Work item:
Copy out the entries exactly. Print them in full.

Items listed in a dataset
○ ○ ○ ○ ○

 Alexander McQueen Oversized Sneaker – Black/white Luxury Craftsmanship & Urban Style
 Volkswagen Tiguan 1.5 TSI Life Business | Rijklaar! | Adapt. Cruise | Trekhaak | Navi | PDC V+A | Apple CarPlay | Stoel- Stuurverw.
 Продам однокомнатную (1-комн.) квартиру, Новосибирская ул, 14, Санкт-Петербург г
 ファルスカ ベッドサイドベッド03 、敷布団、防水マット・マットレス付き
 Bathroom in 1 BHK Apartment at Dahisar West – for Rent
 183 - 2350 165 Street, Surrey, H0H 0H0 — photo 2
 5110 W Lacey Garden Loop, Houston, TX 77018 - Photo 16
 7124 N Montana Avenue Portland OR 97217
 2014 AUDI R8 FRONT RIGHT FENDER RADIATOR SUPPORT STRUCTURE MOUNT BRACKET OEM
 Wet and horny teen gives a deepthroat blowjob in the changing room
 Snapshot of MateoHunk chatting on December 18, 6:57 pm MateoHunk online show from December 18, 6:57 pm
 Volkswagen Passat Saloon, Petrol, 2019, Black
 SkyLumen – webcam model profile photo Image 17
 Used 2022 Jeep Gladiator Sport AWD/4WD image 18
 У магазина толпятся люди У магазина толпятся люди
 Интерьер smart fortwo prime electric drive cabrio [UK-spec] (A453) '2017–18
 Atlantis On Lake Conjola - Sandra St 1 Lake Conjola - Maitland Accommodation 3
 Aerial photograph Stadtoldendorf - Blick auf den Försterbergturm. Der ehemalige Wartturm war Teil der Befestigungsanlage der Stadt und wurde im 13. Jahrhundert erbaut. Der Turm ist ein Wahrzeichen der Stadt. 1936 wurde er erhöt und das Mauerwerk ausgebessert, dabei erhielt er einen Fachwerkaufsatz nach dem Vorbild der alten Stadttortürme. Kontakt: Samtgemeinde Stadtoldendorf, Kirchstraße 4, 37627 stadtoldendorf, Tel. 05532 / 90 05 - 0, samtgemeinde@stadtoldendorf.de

○ ○ ○ ○ ○

Result of this exercise:
 Alexander McQueen Oversized Sneaker – Black/white Luxury Craftsmanship & Urban Style
 Volkswagen Tiguan 1.5 TSI Life Business | Rijklaar! | Adapt. Cruise | Trekhaak | Navi | PDC V+A | Apple CarPlay | Stoel- Stuurverw.
 Продам однокомнатную (1-комн.) квартиру, Новосибирская ул, 14, Санкт-Петербург г
 ファルスカ ベッドサイドベッド03 、敷布団、防水マット・マットレス付き
 Bathroom in 1 BHK Apartment at Dahisar West – for Rent
 183 - 2350 165 Street, Surrey, H0H 0H0 — photo 2
 5110 W Lacey Garden Loop, Houston, TX 77018 - Photo 16
 7124 N Montana Avenue Portland OR 97217
 2014 AUDI R8 FRONT RIGHT FENDER RADIATOR SUPPORT STRUCTURE MOUNT BRACKET OEM
 Wet and horny teen gives a deepthroat blowjob in the changing room
 Snapshot of MateoHunk chatting on December 18, 6:57 pm MateoHunk online show from December 18, 6:57 pm
 Volkswagen Passat Saloon, Petrol, 2019, Black
 SkyLumen – webcam model profile photo Image 17
 Used 2022 Jeep Gladiator Sport AWD/4WD image 18
 У магазина толпятся люди У магазина толпятся люди
 Интерьер smart fortwo prime electric drive cabrio [UK-spec] (A453) '2017–18
 Atlantis On Lake Conjola - Sandra St 1 Lake Conjola - Maitland Accommodation 3
 Aerial photograph Stadtoldendorf - Blick auf den Försterbergturm. Der ehemalige Wartturm war Teil der Befestigungsanlage der Stadt und wurde im 13. Jahrhundert erbaut. Der Turm ist ein Wahrzeichen der Stadt. 1936 wurde er erhöt und das Mauerwerk ausgebessert, dabei erhielt er einen Fachwerkaufsatz nach dem Vorbild der alten Stadttortürme. Kontakt: Samtgemeinde Stadtoldendorf, Kirchstraße 4, 37627 stadtoldendorf, Tel. 05532 / 90 05 - 0, samtgemeinde@stadtoldendorf.de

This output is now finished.